ASDMSDVAVSNHYQTSN&@$Fk#$!!!!!!!!
~
Mungkin
benar yang dikatakan sebagian orang: Cute
boys make you blush, hot boys make you droll, cool boys make you daydream, but
funny boys make you fall in love without even realizing it. Dan dia
termasuk dalam kategori terakhir. Kenapa? Karena dia memiliki tawa yang renyah
dan begitu menular. Dia juga piawai dalam memainkan intonasi setiap kali
mengungkapkan sesuatu.
Akan
tetapi, ada beberapa hal pada dirinya yang kerap mengingatkan saya pada
seseorang di masa lalu; salah satu teman terbaik saya, yang kini telah
beristirahat dengan tenang.

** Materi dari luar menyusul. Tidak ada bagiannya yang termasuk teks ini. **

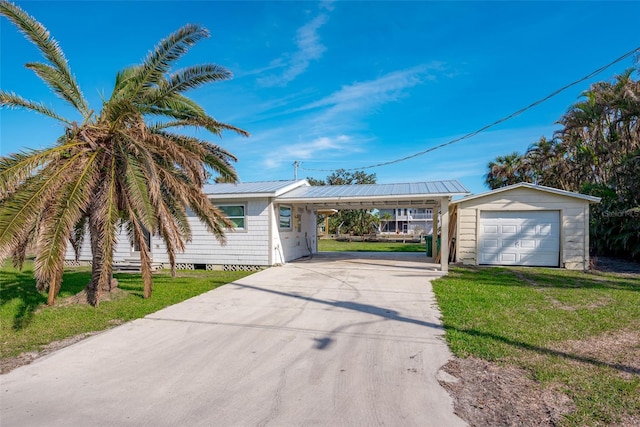 single story home with a carport, a garage, an outbuilding, and a front yard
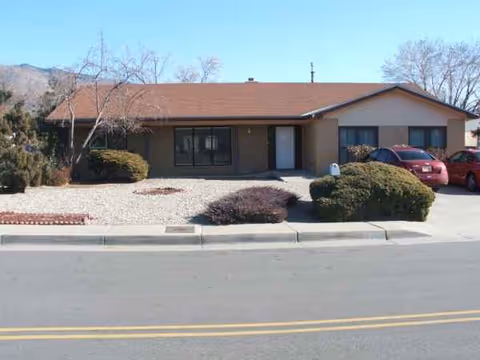 Single-story building with brown exterior, front entrance, and desert landscaping; cars parked on the right.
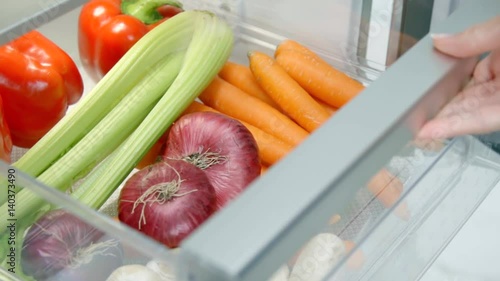 Groceries in fridge in slow motion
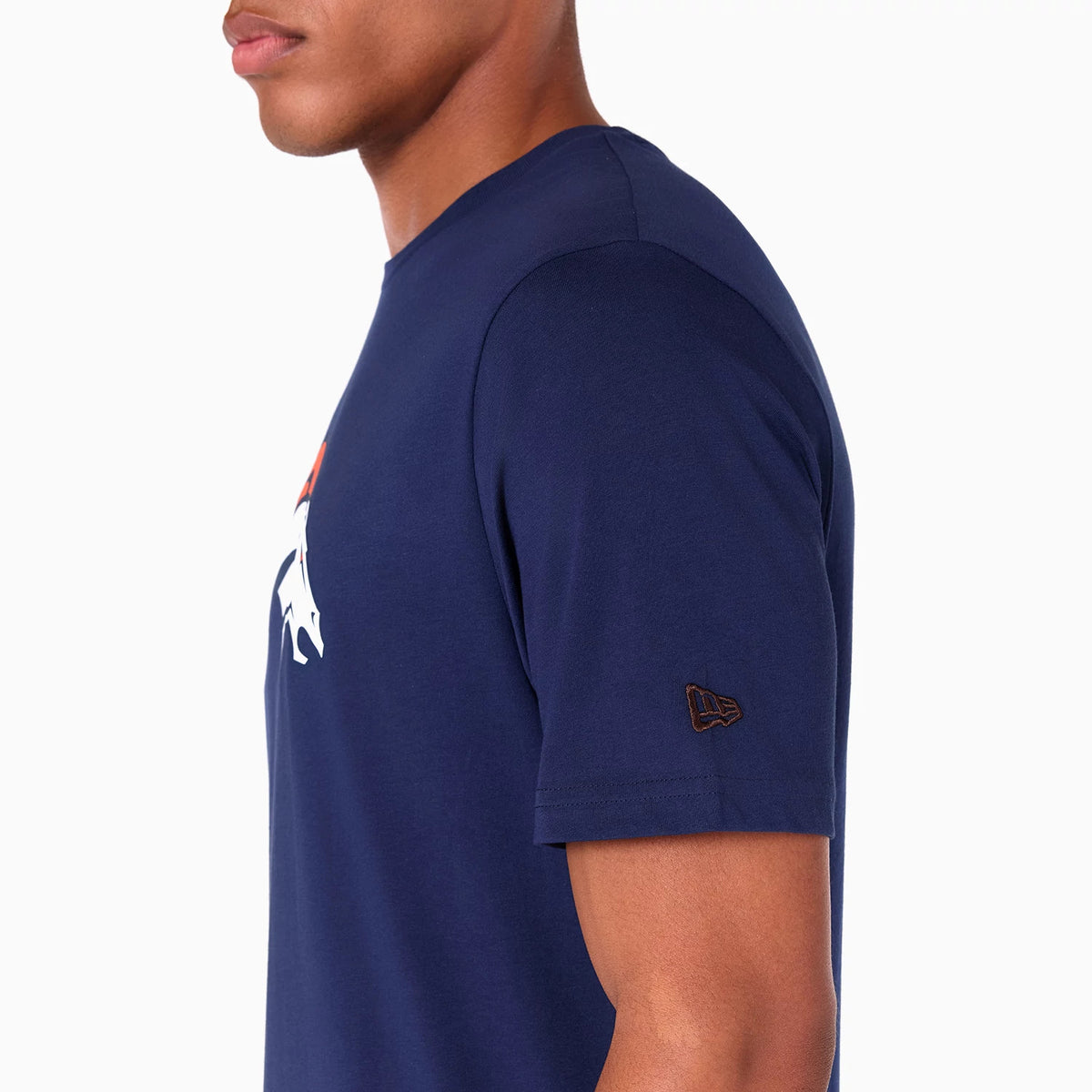 New Era Denver Broncos NFL Navy T-Shirt, side view showing a navy short sleeve with a raised New Era logo near the hem, and part of a large white and orange Denver Broncos logo across the chest.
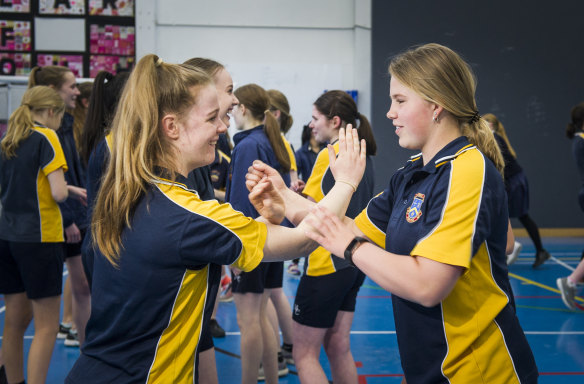 Merici College year 10 students Hayley Browne and Alex Rushton, both 16, who take part in self defence training. 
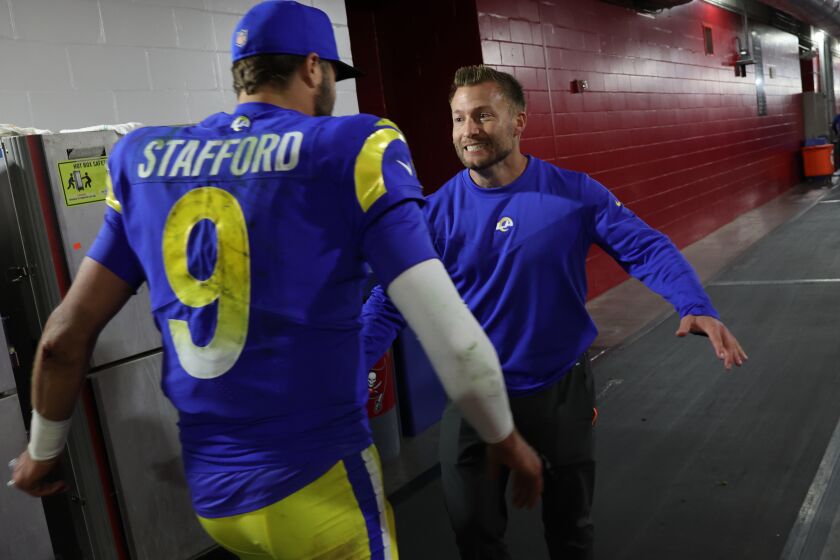 Tampa, Florida, Sunday, January 23, 2022 - Los Angeles Rams head coach Sean McVay rushes to hug quarterback Matthew Stafford on his way to the locker room after beating the Tampa Bay Buccaneers 30-27 in the NFC Divisional Playoff at Raymond James Stadium. (Robert Gauthier/Los Angeles Times)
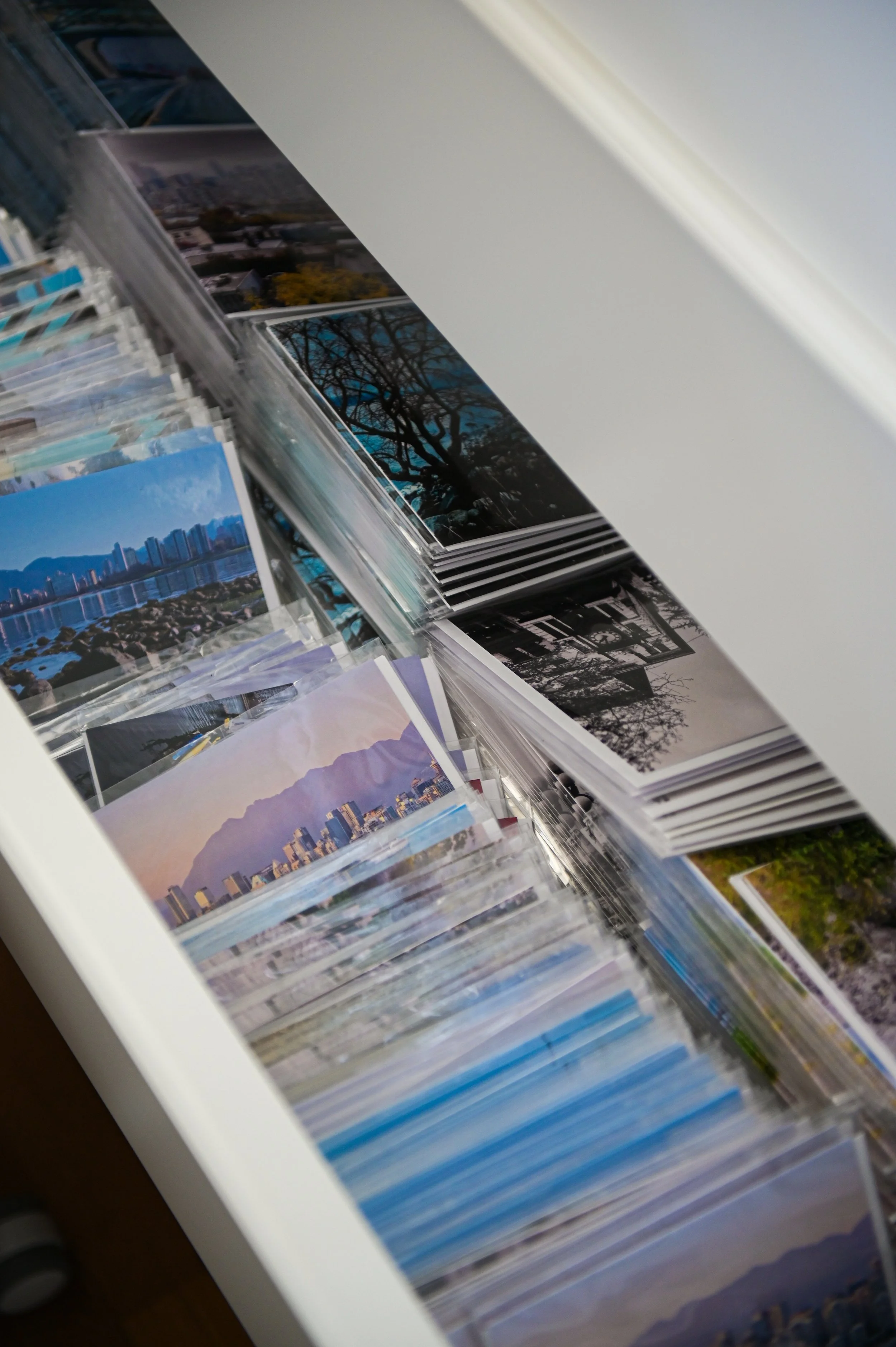 A collection of postcards or photographs arranged in a box, some showing cityscapes, landscapes, and trees with various colors and backgrounds.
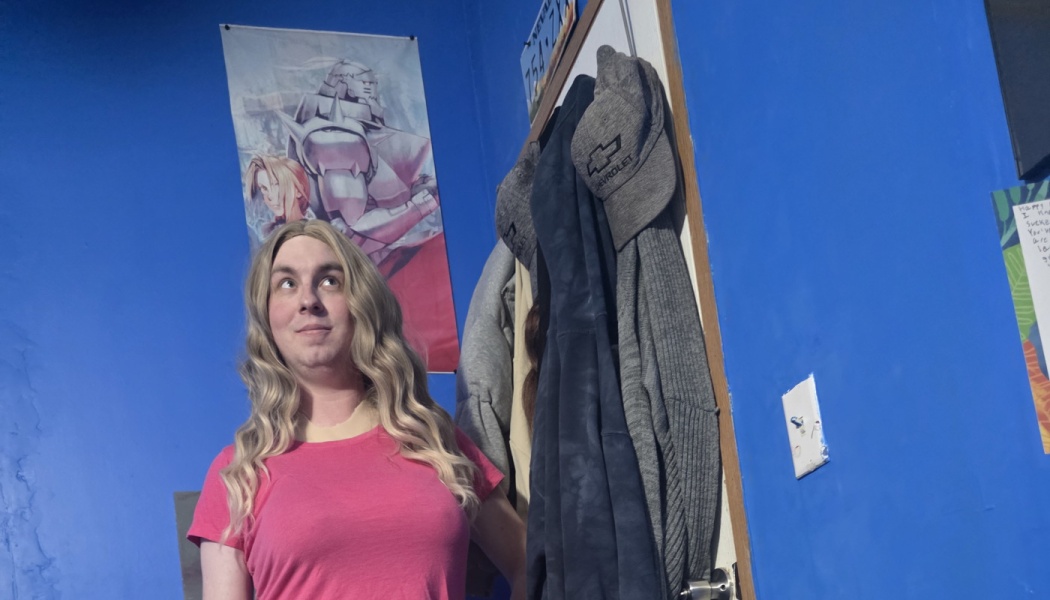 Person with wavy blonde hair and a pink shirt looking upward in a bright blue room with an anime wall poster.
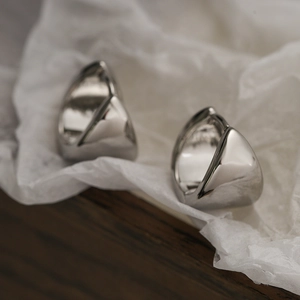 Minimalist silver triangular hoop earrings on elegant textured paper and dark wood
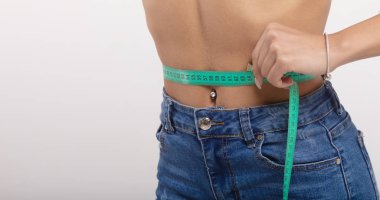 İnce, genç bir kadın, ince belini mezurayla ölçüyor. Yaklaş.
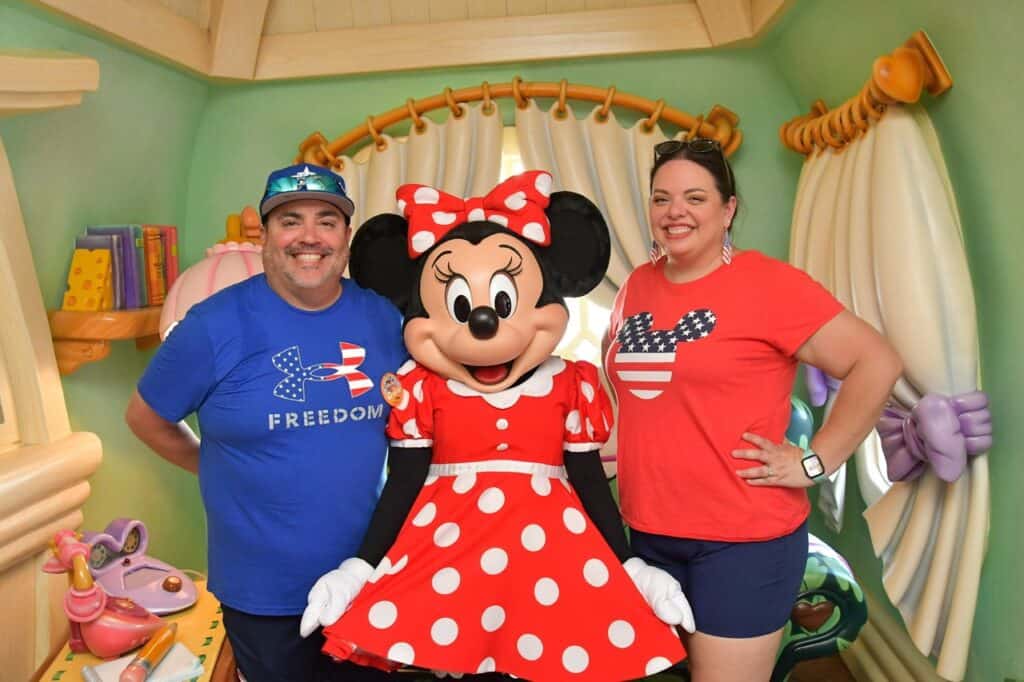 Cheerful couple with Minnie Mouse character at Disney-themed vacation rental, family-friendly Disney vacation getaway, Orlando Florida.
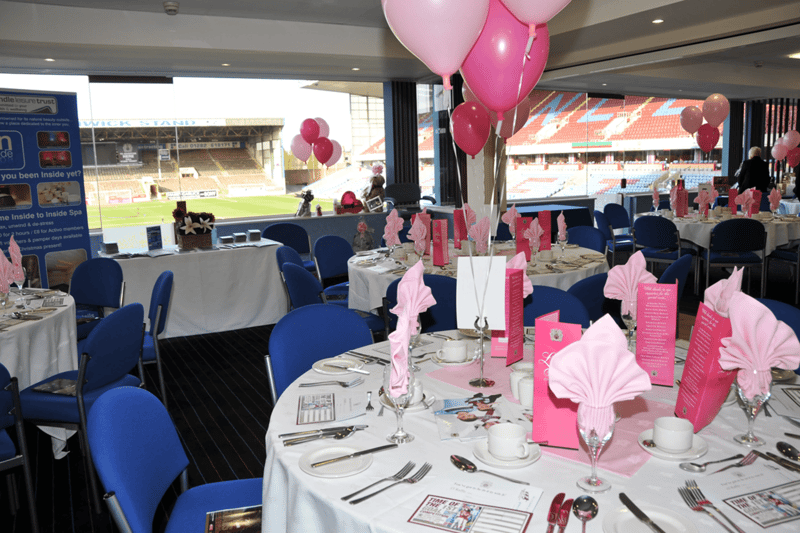A wedding reception room at Burnley Football Club's Turf Moor, with pink balloon decorations, overlooking the pitch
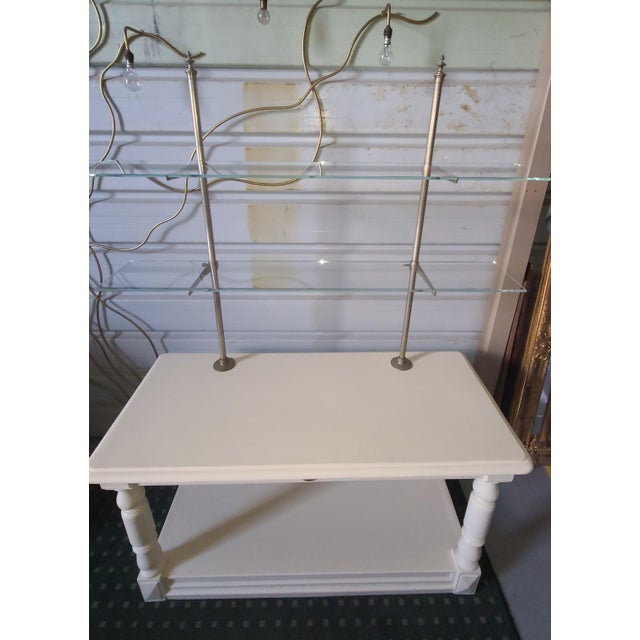 A vintage shop cabinet with two 8mm shelves and a lower shelf, originally designed for various businesses in the early...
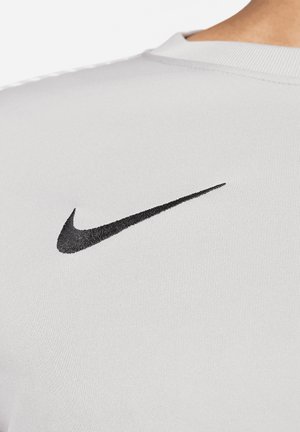 Witte sportshirt met korte mouwen, voorzien van een opvallend zwart Nike-logo op de linkerschouder, met een gladde textuur en een nauwsluitend design.
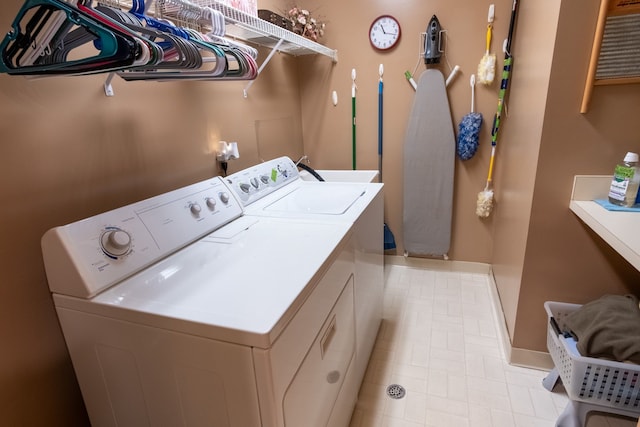 clothes washing area featuring washing machine and dryer, laundry area, and baseboards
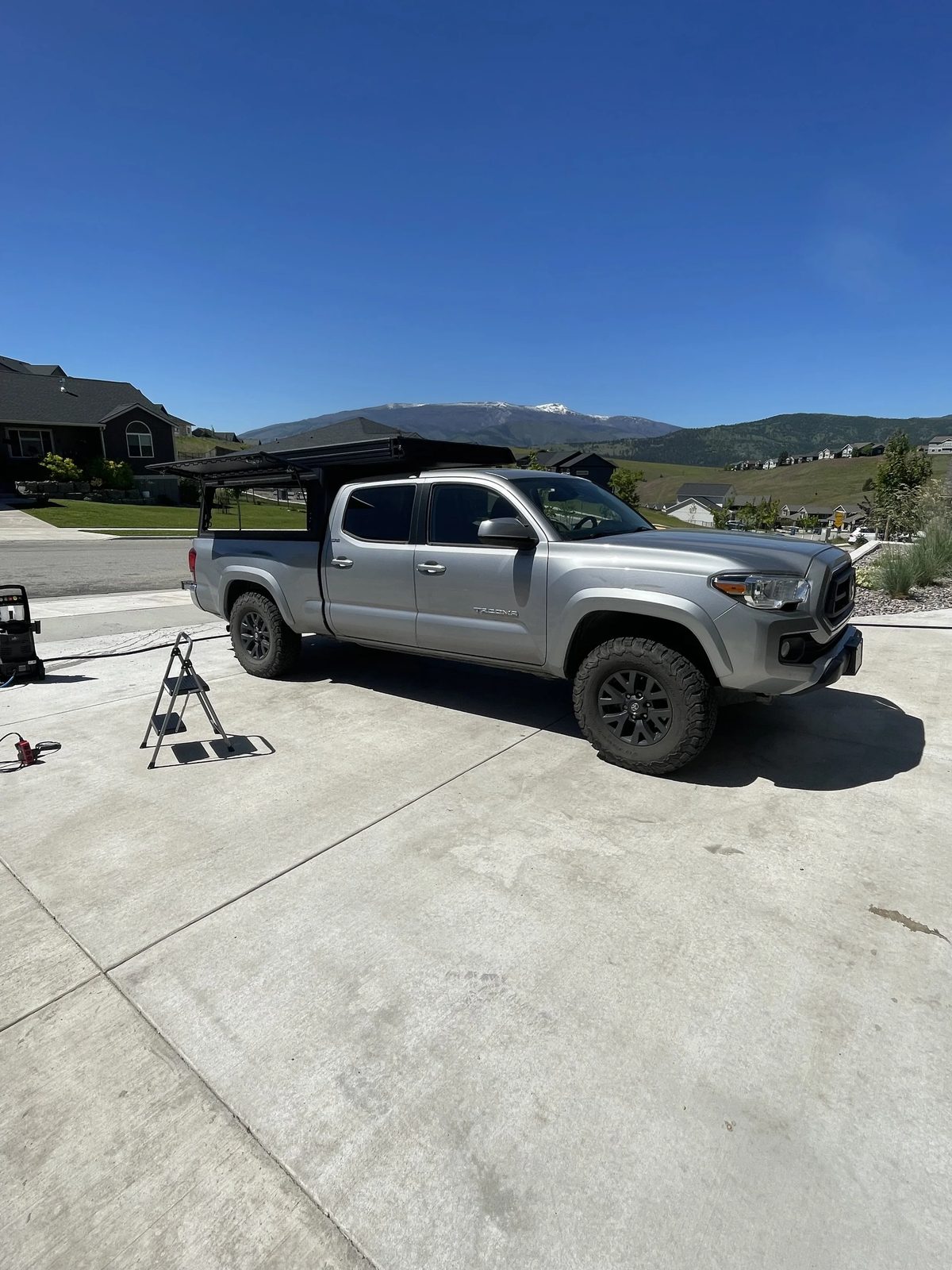 Fully detailed Toyota Tacoma with Montana mountains behind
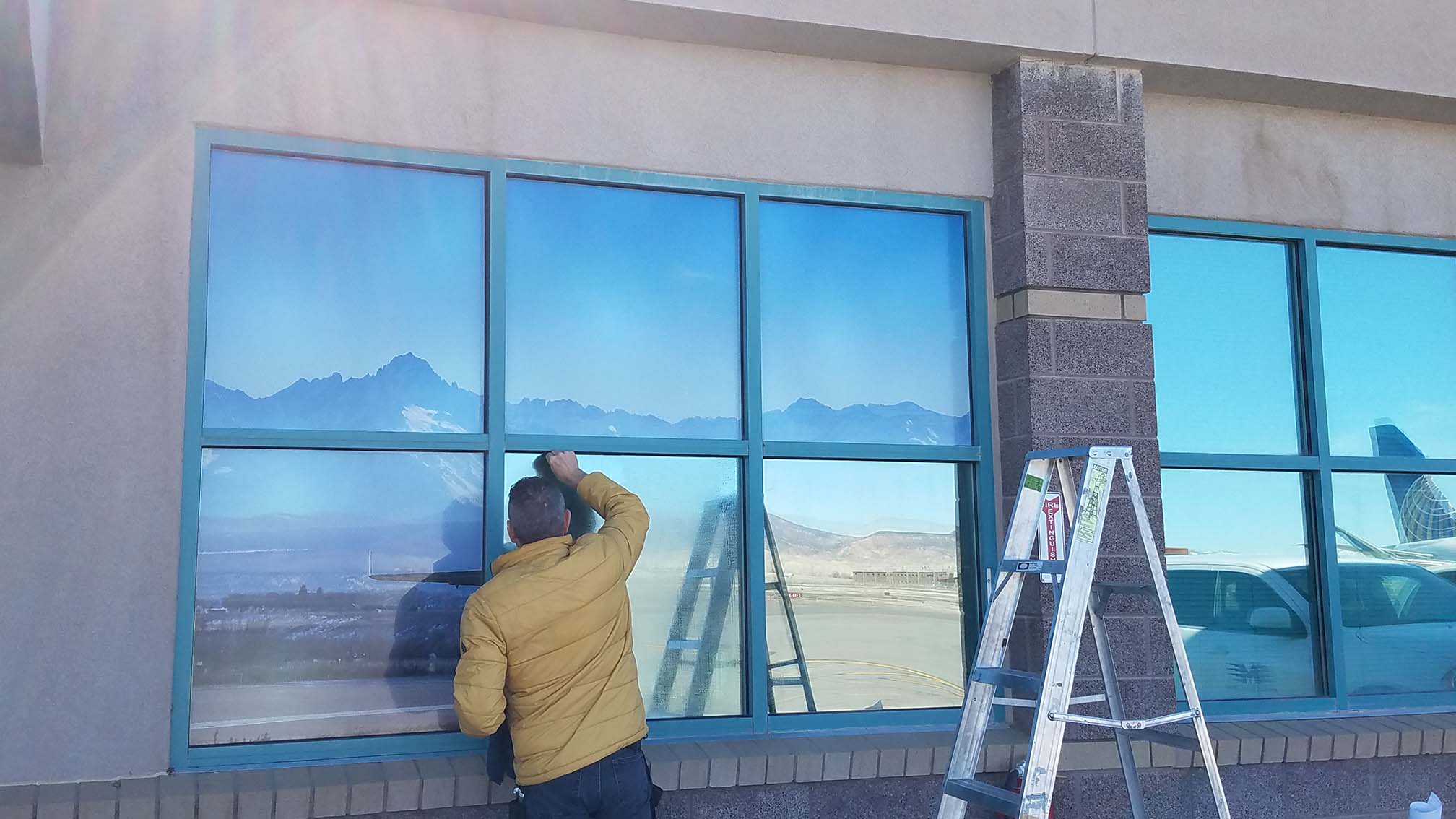 Professional installation of commercial window film with crisp mountain reflection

Baik dia maupun sahabat saya sangat menggemari
jajanan gerobak seperti basreng, cilok, cilor, apa pun itu namanya. Dia bahkan
mengklaim, tak peduli semahal dan senikmat apa pun hidangan di restoran fine and dine, tak akan ada yang bisa menandingi aroma cilor yang digoreng
di atas minyak daur ulang.
Kemiripan
selanjutnya, dua orang ini senang berangan sesuatu yang menakjubkan. Kiki
memercayai saya sebagai wadah mimpi-mimpi besarnya. Dahulu dia selalu datang
kepada saya untuk meminta solusi, atau sekadar bercerita mengenai kariernya.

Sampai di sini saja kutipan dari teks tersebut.